> **Data supplied**
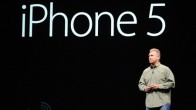 เป็นไปตามคาด หลังจาก Apple จัดแถลงข่าวเปิดตัว Smart Phone รุ่นใหม่ใช้ชื่อว่า iPhone5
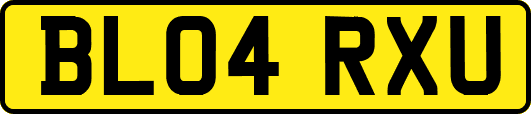 BL04RXU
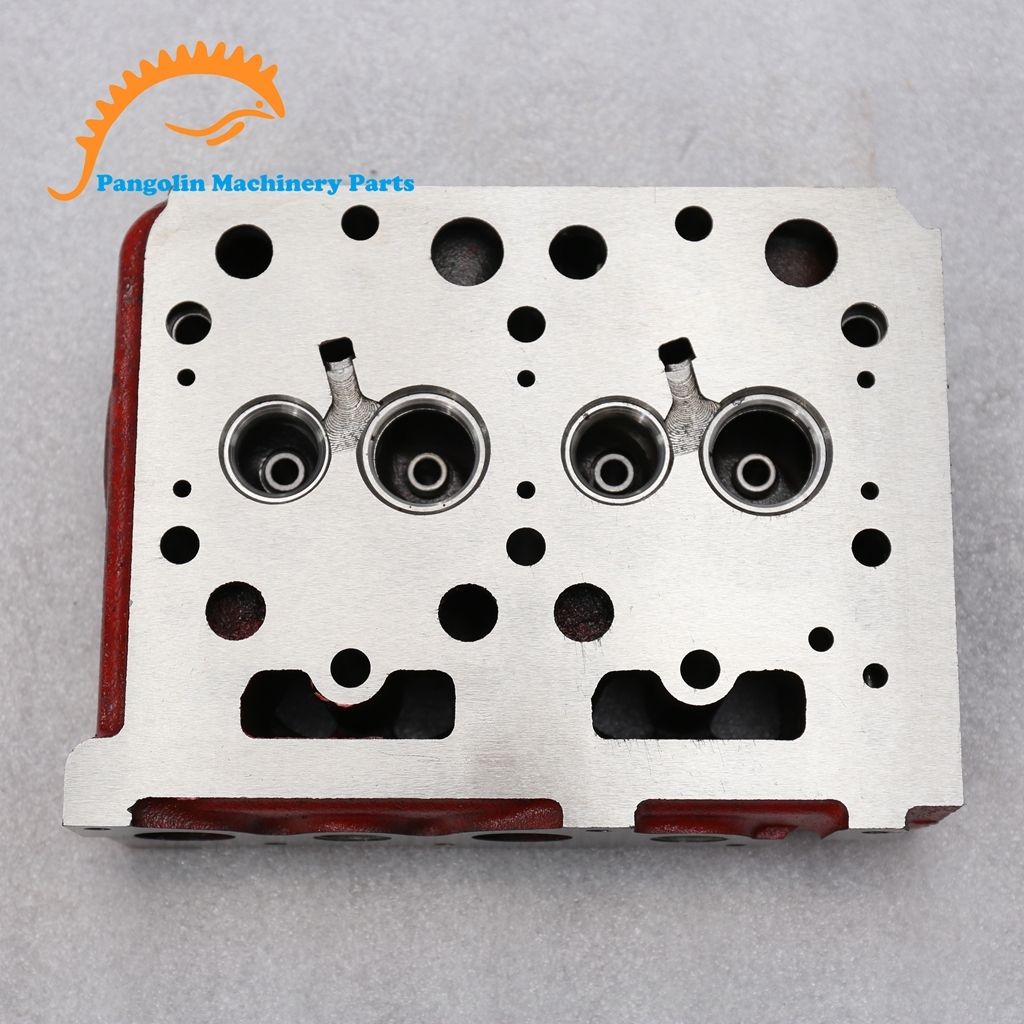 Z750 Diesel Engine Cylinder Head for Kubota,Pangolin Parts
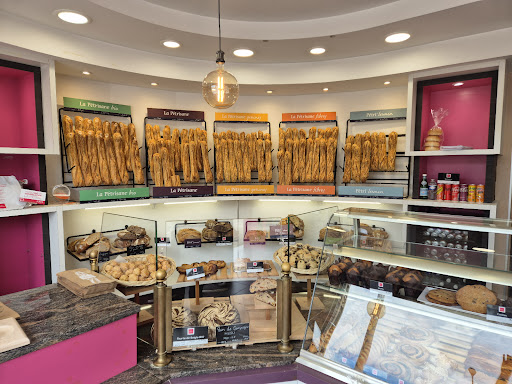 Boulangerie CHEREAU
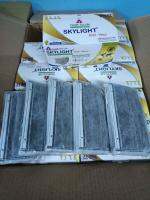 Skylight สีเทา บรรุจ50ชิ้น หนา4ชั้น มีไส้กรอง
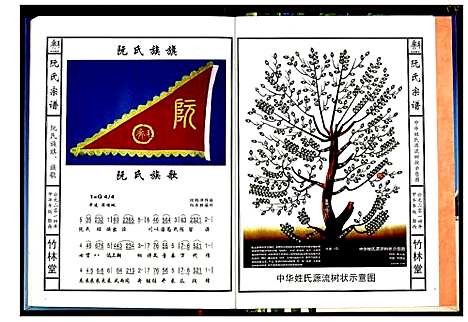 [阮]阮氏宗谱 (湖北) 阮氏家谱_五.pdf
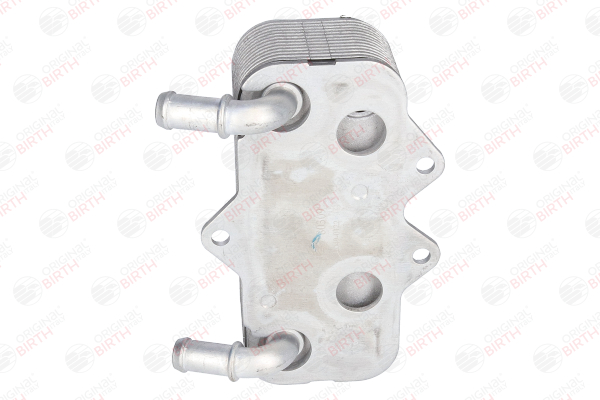 BIRTH 80309 Eļļas radiators Opel Astra G CC 2.0 DI (F08, F48) 82 ZS Dīzelis cena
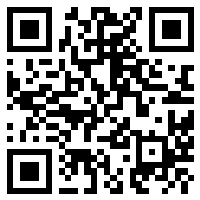 QR Code for bitcoin:16eSxpY5gworSc7kW4R5FpXkmGaJkio4FK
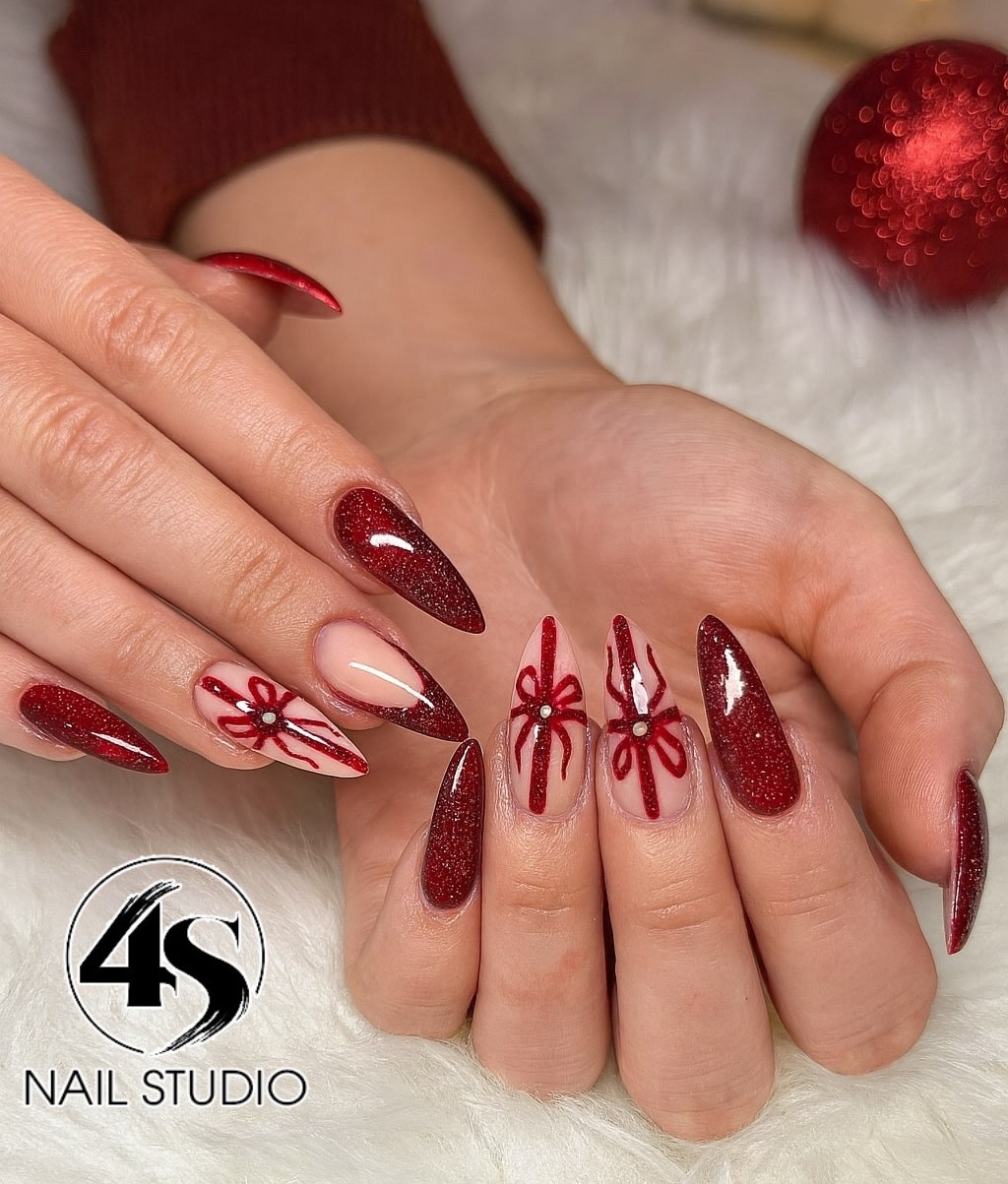 4S NAIL STUDIO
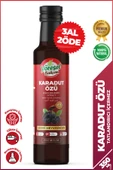 Yöresel Bahçem Karadut Özü (350G) thumbnail 1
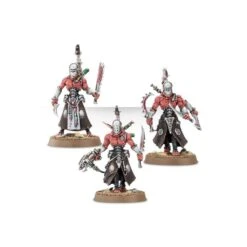 Games Workshop Drukhari: Wracks -Jouets Miniatures wracks 5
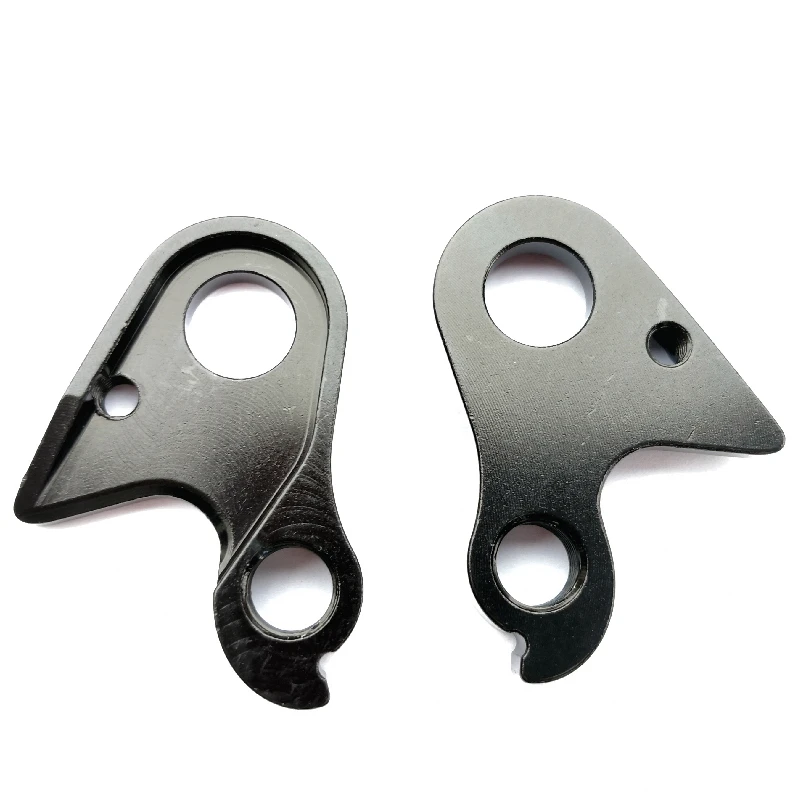 1 Pz Bicicletta Gear Deragliatore Posteriore Gancio Per Haibike # Do-A91 Sduro Hardseven Sl Xduro Cross E-Bike Fs 2016 Bici Elettrica Dropout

> **Task description**
Word for word, retype the lines from the one with "Yöresel Bahçem Karadut" through the final line of the data, both included. No pictures belong in the copy.

> **Response to this task**
 Yöresel Bahçem Karadut Özü (350G) thumbnail 1
 Games Workshop Drukhari: Wracks -Jouets Miniatures wracks 5
 1 Pz Bicicletta Gear Deragliatore Posteriore Gancio Per Haibike # Do-A91 Sduro Hardseven Sl Xduro Cross E-Bike Fs 2016 Bici Elettrica Dropout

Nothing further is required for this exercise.